We first need some type of new entity that we can add to the scene. This one is a bit special because it has some properties that we will need for the lights.
enum class light_type {
Directional,
Point,
Spot,
};
struct light {
entity Entity;
light_type LightType;
float AmbientStrength;
float SpecularStrength;
};
...
// In scene.h
struct scene {
std::vector<entity> Entities;
std::vector<light> Lights;
};
void Scene_AddLight(scene &Scene, light &Light);
We have also created an array of Lights on the scene to keep lights separate from other objects and We have added a new function to add a light to the scene.

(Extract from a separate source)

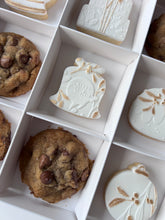 Load image into Gallery viewer, Deluxe Cookie Gift Pack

We will now add some lights to the scene.
// Lights
glm::vec3 PointLightPositions[] = {
glm::vec3(0.7f, 0.2f, 2.0f),
glm::vec3(2.3f, -3.3f, -4.0f),
glm::vec3(-4.0f, 2.0f, -12.0f),
glm::vec3(0.0f, 0.0f, -3.0f),
};
size_t PointLightPositionsLength =
sizeof(PointLightPositions) / sizeof(PointLightPositions[0]);
for (size_t i = 0; i < PointLightPositionsLength; i++) {
light PointLight = {
.Entity =
{
.Position = PointLightPositions[i],
.Scale = glm::vec3(1.0f),
.Rotation = glm::vec4(0.0f),
.Color = glm::vec4(0.05f, 0.05f, 0.05f, 1.0f),
},
.LightType = light_type::Point,
.AmbientStrength = 0.1f,
.SpecularStrength = 0.5,
};
Scene_AddLight(Scene, PointLight);
}
light SpotLight = {
.Entity =
{
.Position = Camera.Position,
.Scale = glm::vec3(1.0f),
.Rotation = glm::vec4(0.0f),
.Color = glm::vec4(0.05f, 0.05f, 0.05f, 1.0f),
},
.LightType = light_type::Spot,
.AmbientStrength = 0.1f,
.SpecularStrength = 0.5,
};
Scene_AddLight(Scene, SpotLight);
light DirectionalLight = {
.Entity =
{
.Position = glm::vec3(0.0f),
.Scale = glm::vec3(1.0f),
.Rotation = glm::vec4(0.0f),
.Color = glm::vec4(0.05f, 0.05f, 0.05f, 1.0f),
},
.LightType = light_type::Directional,
.AmbientStrength = 0.1f,
.SpecularStrength = 0.5,
};
Scene_AddLight(Scene, DirectionalLight);
The last thing to do is to setup all the OpenGL state that turns those lights on. We have created a function to setup all the lights that are in the scene in one place.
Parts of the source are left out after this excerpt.